About C / Z80 optimizations (SDCC)

Page 11/15
4 | 5 | 6 | 7 | 8 | 9 | 10 | | 12 | 13 | 14 | 15

By PingPong

Prophet (3413)

PingPong's picture

12-09-2019, 10:46

[quote=zPasi wrote:
ARTRAG wrote:

The fact is that Hi-Tech C has evolved from 1984 (first CPM version) to 2001 (last MS-DOS) version, to be abandoned about in the same year. It is the effort of a single private company, but it is the result of 18 years of development.
I cannot say if it is still generating the best code under all circumstances, but for sure no other current project has such a long history of improvements and evolution.

Really? SDCC has been around since 1999, perhaps longer. 20+ years Smile

And i must see the progress in quality of code generated is somewhat unimpressive. Even with 20+ years ;-)

By Timmy

Expert (102)

Timmy's picture

12-09-2019, 13:12

So even at page 11, SDCC and z88dk is still superior! That's what you call progress.

*Grabs popcorn*

In the mean time, I'm working on something, too. Hopefully a new game. Smile

By PingPong

Prophet (3413)

PingPong's picture

12-09-2019, 13:28

It is proved that the "superior" performances of SDCC are due to the math library, not the compiler.
But for msx development having a 32 bit fast library is less important that having a compiler that with its inefficiency waste the efforts one could gain in a highly optimized assembly code.
What is the benefit i heavily optimize a asm routine to gain , say 300 cycles if the compiler, when calling this routine, waste 100 or more T-cycles just to pass some parameters? Or force me to adhere to "ALL PARAMETERS ON STACK" rule even if not necessary?
Then i can throw this compiler in the bin and write all in assembly.....
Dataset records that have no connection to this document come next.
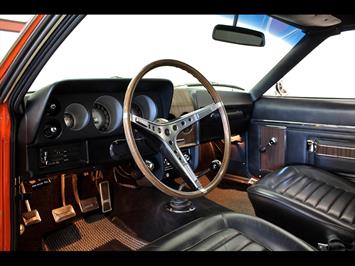 1969 AMC AMX Go Package   - Photo 25 - Rancho Cordova, CA 95742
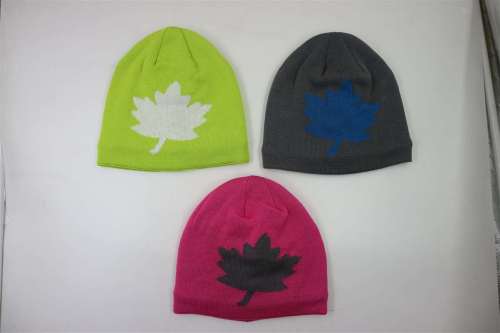 VISCOSE PANDA KIDS’ BEANIE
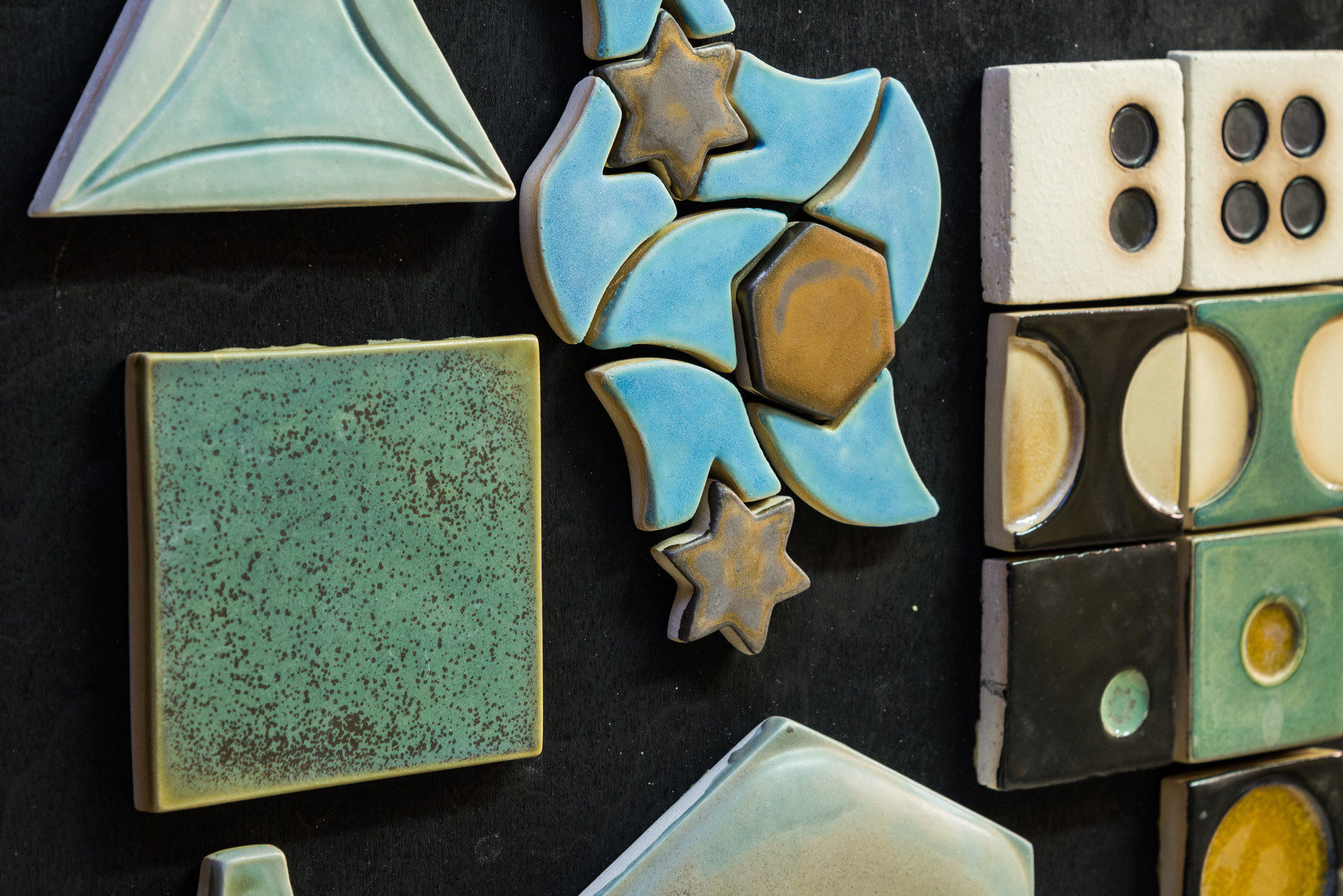 Керамическая мастерская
The reason of the z88Dk being "superior" is not the compiler rather that everithing executed is done at 90% in asm libraries that are highly optimized.
But when we write code library functions is not all we use. Instead, code logic, resource access, etc rely on specific platform and developer.

There is some comparison somewhere that is between the old C z88dk compiler and SDCC. the old compiler, (previously referred as fast) is somewhat so crappy that SDCC outperform the former in every test. The article then recommend to used SDCC instead of the old compiler.
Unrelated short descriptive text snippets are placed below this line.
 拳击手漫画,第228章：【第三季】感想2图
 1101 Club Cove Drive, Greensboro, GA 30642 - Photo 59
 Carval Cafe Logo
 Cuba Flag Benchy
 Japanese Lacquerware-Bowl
But before that, when SDCC was not an option on z88dk the compiler had a reputation of FAST.

the FAST come from libraries, the compiler only was acting as a glue between a bunch of library functions.

By Timmy

Expert (102)

Timmy's picture

12-09-2019, 13:58

I'm really glad you're looking into the technical capabilities of the different compilers. Smile However, that is not what I would have defined as 'superior'. But I don't mind you continue following that path.

PingPong wrote:

What is the benefit i heavily optimize a asm routine to gain , say 300 cycles if the compiler, when calling this routine, waste 100 or more T-cycles just to pass some parameters? Or force me to adhere to "ALL PARAMETERS ON STACK" rule even if not necessary?
Then i can throw this compiler in the bin and write all in assembly.....
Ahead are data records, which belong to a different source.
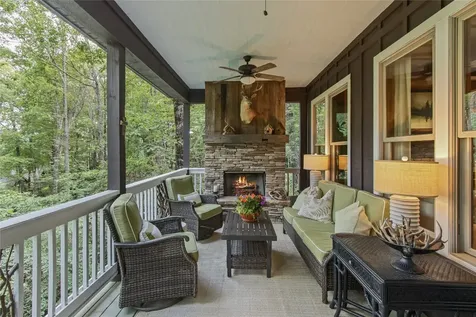 161 Kestrel Court Sapphire NC 28774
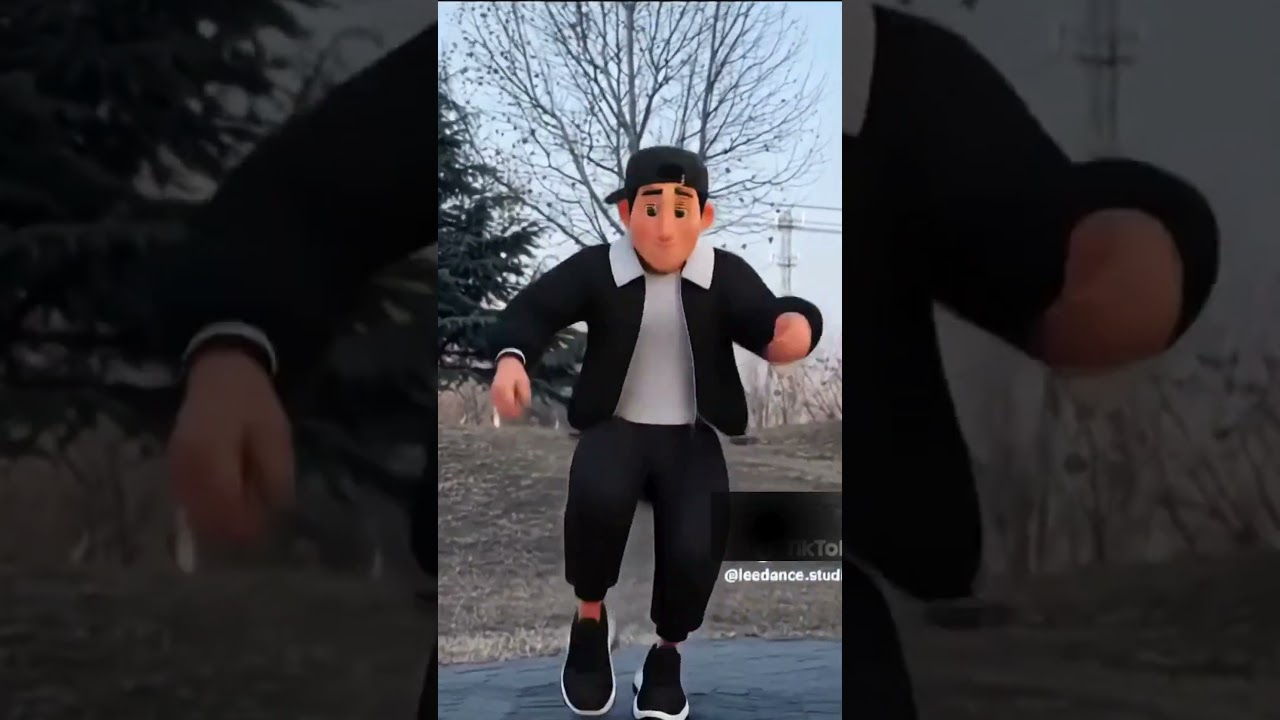 Baby Shark Dance 2 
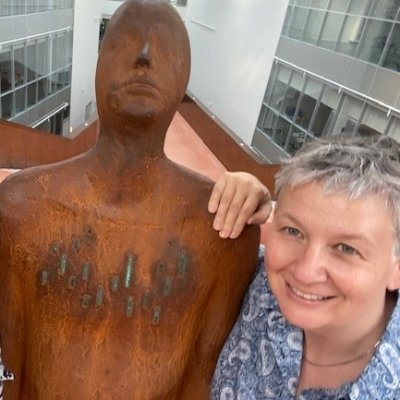 Inorganic Chemist & ARC Future Fellow, FRACI @ChemistryUoM @UniMelb @SciMelb 👩‍🔬 🧪 🧲  #MolecularMagnets #ValenceTautomerism #felements #OzChem #SciMum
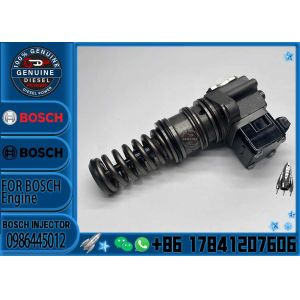 EUP Electronically Controlled Single Pump Plunger 0414755014 0414755015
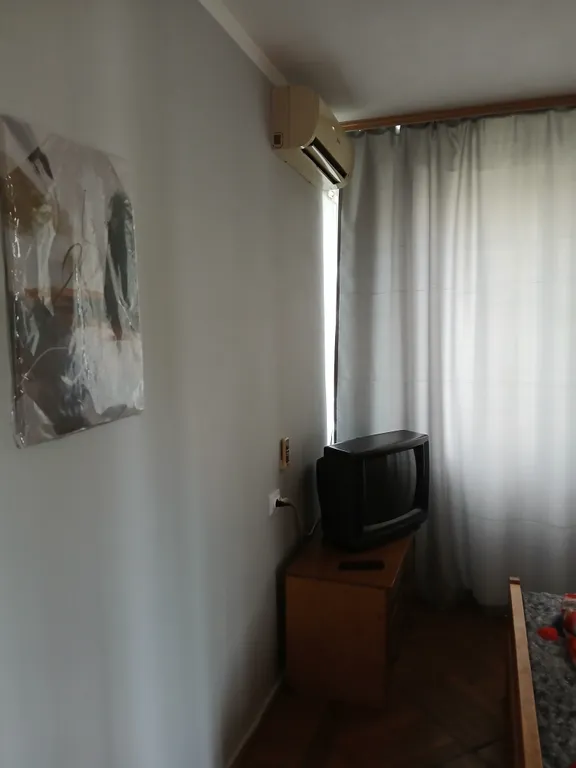 Просторная трёшка для больших кампаний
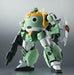 KERORO DAMASHII ROBOT SPIRITS Sergeant Frog KERORO ROBO UC Figure BANDAI NEW_4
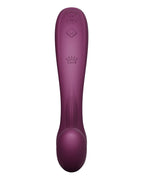 ZALO - Talis - G-Spot Pulsewave Vibrator - Paars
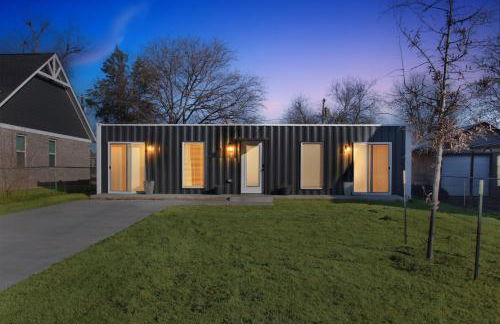 Modern 2BR Near Downtown OKC home - Foto 1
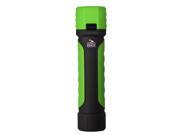 Journey s Edge 34 LED 3 in 1 Collapsible Worklight Flashlight Green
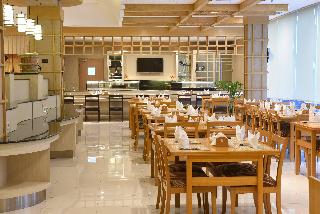 Sakura Park Hotel & Residence fotoÄŸrafÄ±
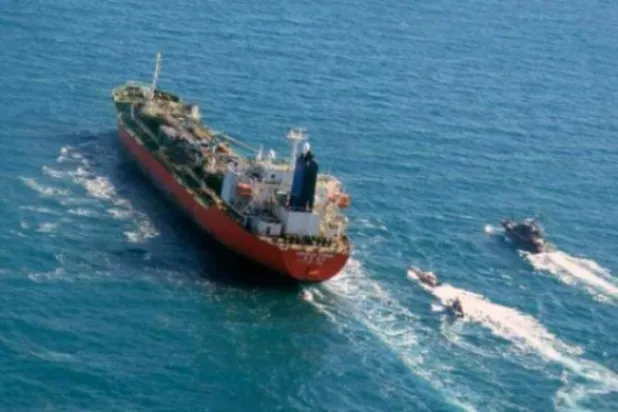 Güney Kore, İran tarafından el konulan tanker ile ilgili sorunun çözülmesi için Katar’dan arabuluculuk yapmasını talep etti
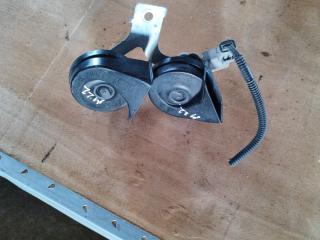 сигнал (клаксон) Renault Master 2 поколение 1999, 2.2 л., G9T 722, дизель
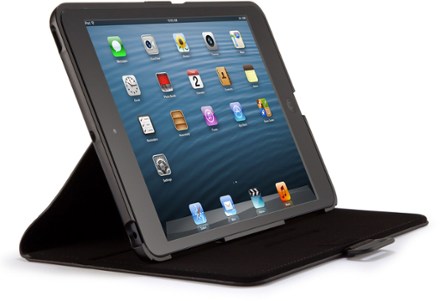 Alternate View (Black)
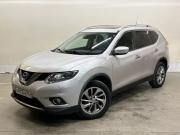Nissan X-Trail III Саратов  - изображение 18
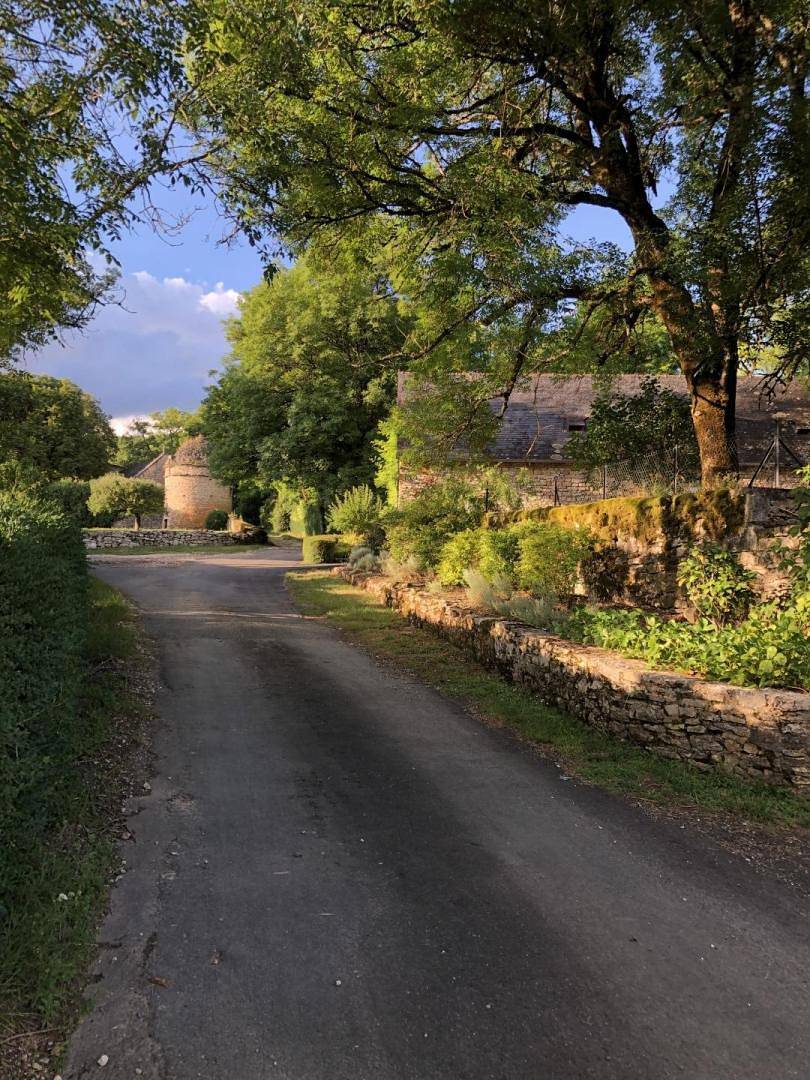 La Bergerie de Bouch in Terrasson-Lavilledieu, Périgord Noir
As I said before in another thread, some people are better off writing all in assembly. In that particular thread, I've also indicated that your expectations require a fully hand optimised assembly code. That's absolutely fine. Your expectations are not wrong, in fact, you are absolutely right!

By PingPong

Prophet (3413)

PingPong's picture

12-09-2019, 16:51

Timmy wrote:

I'm really glad you're looking into the technical capabilities of the different compilers. Smile However, that is not what I would have defined as 'superior'. But I don't mind you continue following that path.

PingPong wrote:

What is the benefit i heavily optimize a asm routine to gain , say 300 cycles if the compiler, when calling this routine, waste 100 or more T-cycles just to pass some parameters? Or force me to adhere to "ALL PARAMETERS ON STACK" rule even if not necessary?
Then i can throw this compiler in the bin and write all in assembly.....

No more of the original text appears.